All R code lines starting with the # (hash) sign are interpreted as comments, and therefore not evaluated.

# This is a comment
# 3 + 4   # this code is not evaluated, so and it does not print any result
2 + 3     # the code before the hash sign is evaluated, so it prints the result (value 5)

[1] 5

Expressions in R are evaluated from the innermost parenthesis toward the outermost one (following proper mathematical rules).

# Example with parenthesis:
((2+2)/2)-2

[1] 0

# Without parenthesis:
2+2/2-2

[1] 1

Spaces in variable names are not allowed — use a dot . or underscore _ to create longer names to make the variables more descriptive, e.g. my.variable_name.
Spaces between variables and operators do not matter: 3+2 is the same as 3 + 2, and function (arg1 , arg2) is the same as function(arg1,arg2).
A new line (enter) ends one command in R. If you want to write 2 expressions/commands in the same line, you have to separate them by a ; (semi-colon).

#Example:
3 + 2 ; 5 + 1

[1] 5

[1] 6

To access the help pages on R functions, just type help(function_name) or ?function_name.
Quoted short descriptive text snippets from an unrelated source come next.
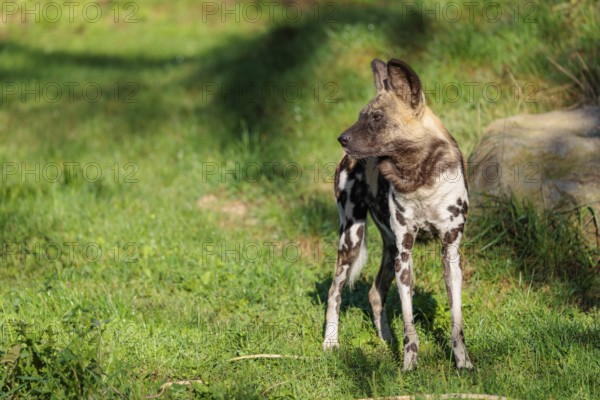 An African Wild Dog, Lycaon pictus, stands on a green meadow in bright sunlight, watching something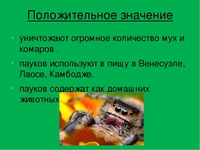 Значение пауков в природе и жизни. Значение паукообразных в природе и жизни человека. Роль паукообразных в жизни человека. Роль паукообразных в природе. Значение паукообразных.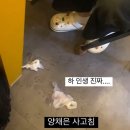 개스펙타클 나에 도안고라이프
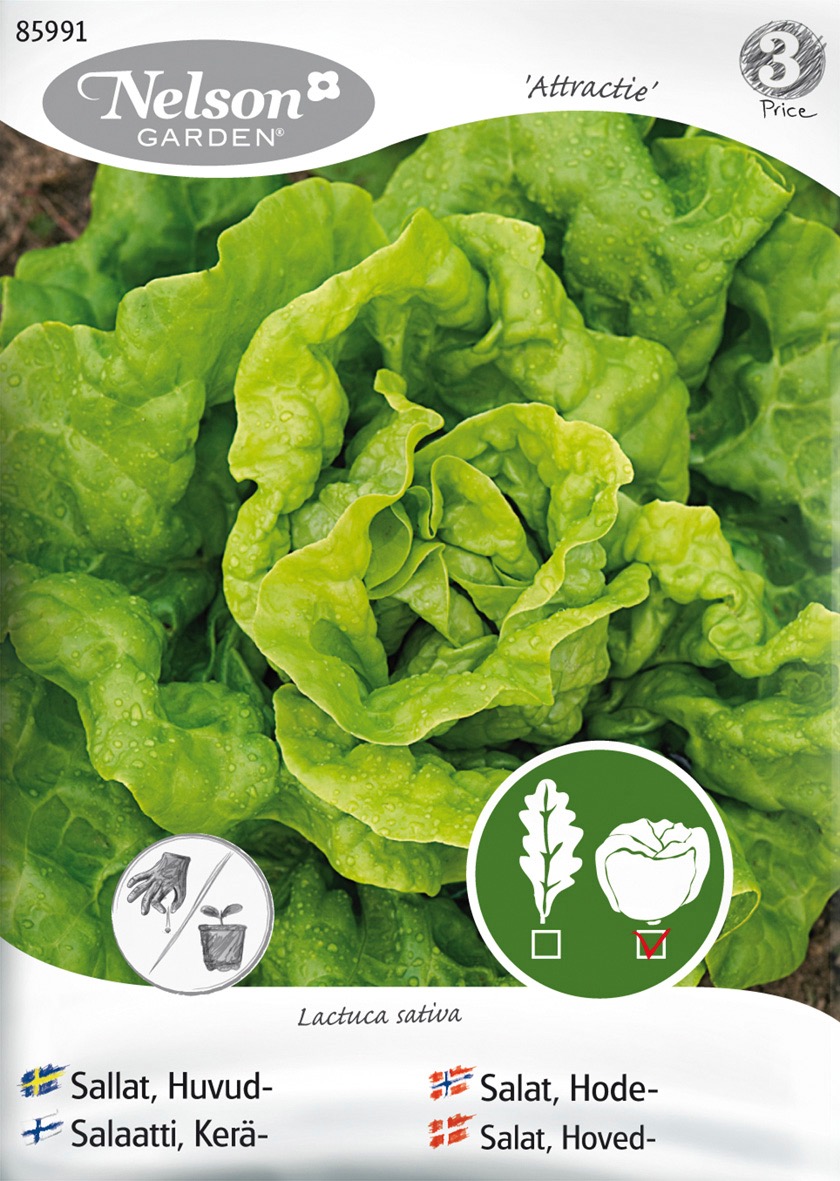 Produkt miniatyrebild Nelson Garden frø Salat, Hode-, Attractie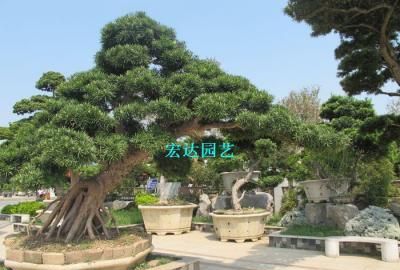 四大镇宅之树罗汉松图片：罗汉松树长什么样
# Example: open the documentation about the function sum
help (sum)    
# Quick access to help page about sum
?sum

RStudio auto-completes your commands by showing you possible alternatives as soon as you type 3 consecutive characters. If you want to see the options for less than 3 chars to get help on available functions, just press tab to display available options. Tip: Use auto-complete as much as possible to avoid typing mistakes.
There are 4 main vector data types in R: Logical (TRUE or FALSE); Numeric (e.g. 1,2,3…); Character (i.e. text, for example “u”, “alg”, “arve”) and Complex (e.g. 3+2i).
Vectors are ordered sets of elements. In R vectors are 1-based, i.e. the first index position is number 1 (as opposed to other programming languages whose indexes start at zero, like Python).
R objects can be divided in two main groups: Functions and Data-related objects. Functions receive arguments inside circular brackets ( ) and objects receive arguments inside square brackets [ ]:

function (arguments)
data.object [arguments]
There are five basic data structures in R: Vector, Matrix, Array, Data frame, and List (see following figure):

12.1 The basic data structure in R is the vector, which requires all of its elements to be of the same type (e.g. all numeric; all character (text); all logical (TRUE or FALSE)).

12.2 Matrices are two dimensional vectors (tables), where all columns are of the same length, and all from the same type.

12.3 Data frames are the most flexible and commonly used R data structures, used to store datasets in spreadsheet-like tables. The columns can be vectors of different types (i.e. text, number, logical, etc, can all be stored in the same data frame), but each column must to be of the same data type.

12.4 Lists are ordered sets of elements, that can be arbitrary R objects (vectors, data frames, matrices, strings, functions, other lists etc), and heterogeneous, i.e. each element can be of a different type and different lengths.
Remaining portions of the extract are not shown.